Baseball’s annual encounter with randomness is well underway. I’ve already written about this – here and here. But the baseball playoffs allow revisiting the topic. Baseball is a sport where the best team loses almost as many games as it wins. Thus, a very large sample size is required to determine which team is the best. A short playoff series is no more meaningful than a coin toss.
In the 2014 regular 162 game season only one team won more than 60% of its games – The Los Angeles Angels. And what happened to them in the first round of the playoff? They lost three straight games to the Kansas City Royals. The latter had gotten into the playoffs by wining a single game elimination contest against the Oakland Athletics. The worst team in major league baseball could easily win a single game against the best team. The current playoff system essentially makes the regular season close to meaningless. It takes about 162 games for the best team to emerge.

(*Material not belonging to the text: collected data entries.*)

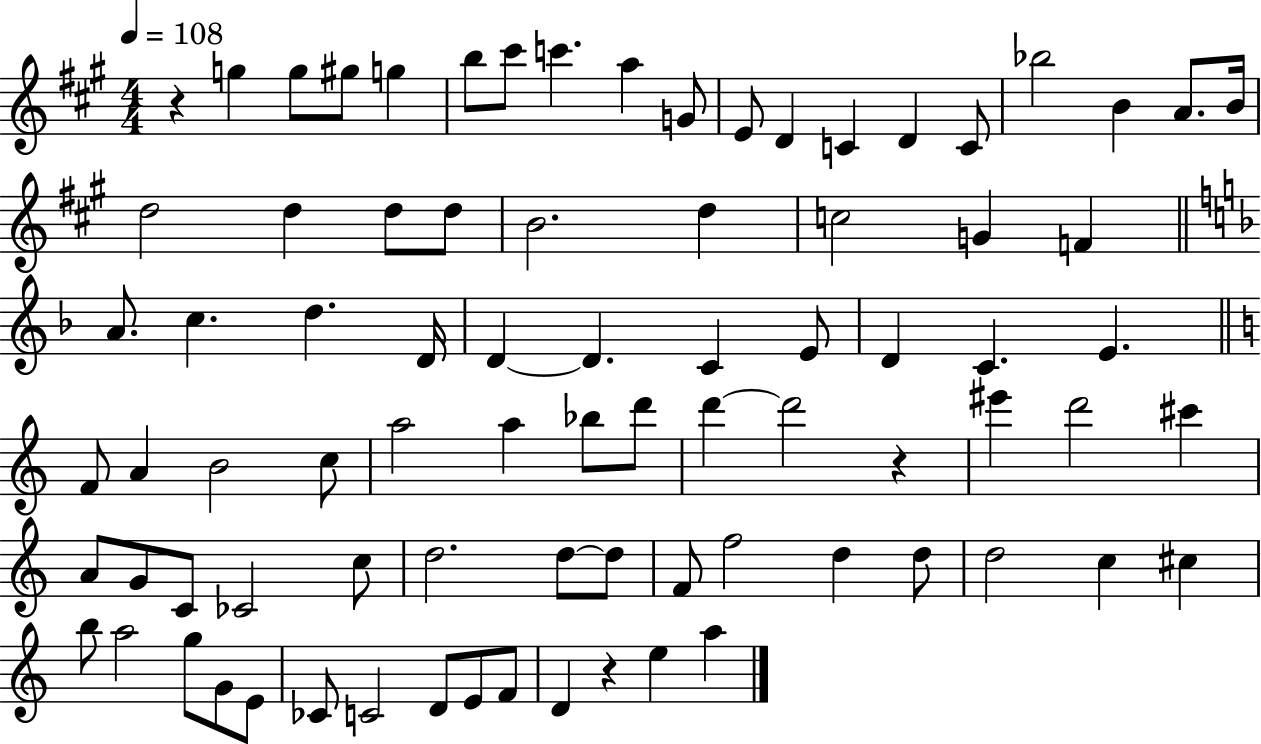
X:1
T:Untitled
M:4/4
L:1/4
K:A
z g g/2 ^g/2 g b/2 ^c'/2 c' a G/2 E/2 D C D C/2 _b2 B A/2 B/4 d2 d d/2 d/2 B2 d c2 G F A/2 c d D/4 D D C E/2 D C E F/2 A B2 c/2 a2 a _b/2 d'/2 d' d'2 z ^e' d'2 ^c' A/2 G/2 C/2 _C2 c/2 d2 d/2 d/2 F/2 f2 d d/2 d2 c ^c b/2 a2 g/2 G/2 E/2 _C/2 C2 D/2 E/2 F/2 D z e a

Okay, I’ve beaten this point to death. But at least you’ve been alerted to the ridiculous interpretations the sports writers and and baseball personnel will spin on the outcome of these games. This what the manager of the KC Royals said after his team won its fifth straight game of this year’s playoffs: “These games, we’ve played so many of them that we’re kind of used to them a little bit,” manager Ned Yost said. “And we still have a lot of confidence.” It’s like having confidence that heads will turn up five times in a row – which it regularly will if you flip the coin often enough.